##### EXTRACTED MATERIAL

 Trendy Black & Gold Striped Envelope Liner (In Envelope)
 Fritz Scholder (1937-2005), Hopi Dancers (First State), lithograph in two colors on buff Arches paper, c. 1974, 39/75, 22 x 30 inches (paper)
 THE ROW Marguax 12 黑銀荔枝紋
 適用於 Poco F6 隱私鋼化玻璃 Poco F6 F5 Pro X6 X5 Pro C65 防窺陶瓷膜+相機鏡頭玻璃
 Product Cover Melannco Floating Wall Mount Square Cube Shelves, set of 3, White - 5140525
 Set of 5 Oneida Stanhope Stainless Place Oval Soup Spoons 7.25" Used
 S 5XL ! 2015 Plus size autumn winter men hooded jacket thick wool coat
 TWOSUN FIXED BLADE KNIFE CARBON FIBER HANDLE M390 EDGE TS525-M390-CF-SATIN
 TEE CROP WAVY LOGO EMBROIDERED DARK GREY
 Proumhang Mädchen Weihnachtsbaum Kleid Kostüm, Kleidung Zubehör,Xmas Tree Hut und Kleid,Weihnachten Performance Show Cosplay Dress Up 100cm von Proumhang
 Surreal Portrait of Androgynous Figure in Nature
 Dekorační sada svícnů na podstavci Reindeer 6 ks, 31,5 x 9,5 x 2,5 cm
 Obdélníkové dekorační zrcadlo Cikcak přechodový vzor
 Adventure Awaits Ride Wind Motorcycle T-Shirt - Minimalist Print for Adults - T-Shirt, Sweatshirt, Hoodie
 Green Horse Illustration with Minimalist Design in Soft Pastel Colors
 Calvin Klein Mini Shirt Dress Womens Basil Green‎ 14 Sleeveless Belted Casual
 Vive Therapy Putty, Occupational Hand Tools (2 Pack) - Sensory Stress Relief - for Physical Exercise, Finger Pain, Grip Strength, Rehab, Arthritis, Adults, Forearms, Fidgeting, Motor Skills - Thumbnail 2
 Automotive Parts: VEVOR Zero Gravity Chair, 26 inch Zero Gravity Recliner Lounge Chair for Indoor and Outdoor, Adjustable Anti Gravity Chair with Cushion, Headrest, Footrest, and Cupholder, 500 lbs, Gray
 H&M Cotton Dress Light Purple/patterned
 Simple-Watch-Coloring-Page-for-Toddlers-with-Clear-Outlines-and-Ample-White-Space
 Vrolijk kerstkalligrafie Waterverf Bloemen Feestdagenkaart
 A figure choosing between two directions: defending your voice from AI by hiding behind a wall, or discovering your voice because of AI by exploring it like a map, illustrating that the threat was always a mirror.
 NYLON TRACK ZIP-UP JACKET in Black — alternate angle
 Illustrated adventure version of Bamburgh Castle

##########

> **PROBLEM TO WORK ON**
Your task is to restate, word for word, only those lines above that fall between the line holding "Calvin Klein Mini" and the line holding "Vrolijk kerstkalligrafie Waterverf", inclusive.

> **ANSWER BOX**
 Calvin Klein Mini Shirt Dress Womens Basil Green‎ 14 Sleeveless Belted Casual
 Vive Therapy Putty, Occupational Hand Tools (2 Pack) - Sensory Stress Relief - for Physical Exercise, Finger Pain, Grip Strength, Rehab, Arthritis, Adults, Forearms, Fidgeting, Motor Skills - Thumbnail 2
 Automotive Parts: VEVOR Zero Gravity Chair, 26 inch Zero Gravity Recliner Lounge Chair for Indoor and Outdoor, Adjustable Anti Gravity Chair with Cushion, Headrest, Footrest, and Cupholder, 500 lbs, Gray
 H&M Cotton Dress Light Purple/patterned
 Simple-Watch-Coloring-Page-for-Toddlers-with-Clear-Outlines-and-Ample-White-Space
 Vrolijk kerstkalligrafie Waterverf Bloemen Feestdagenkaart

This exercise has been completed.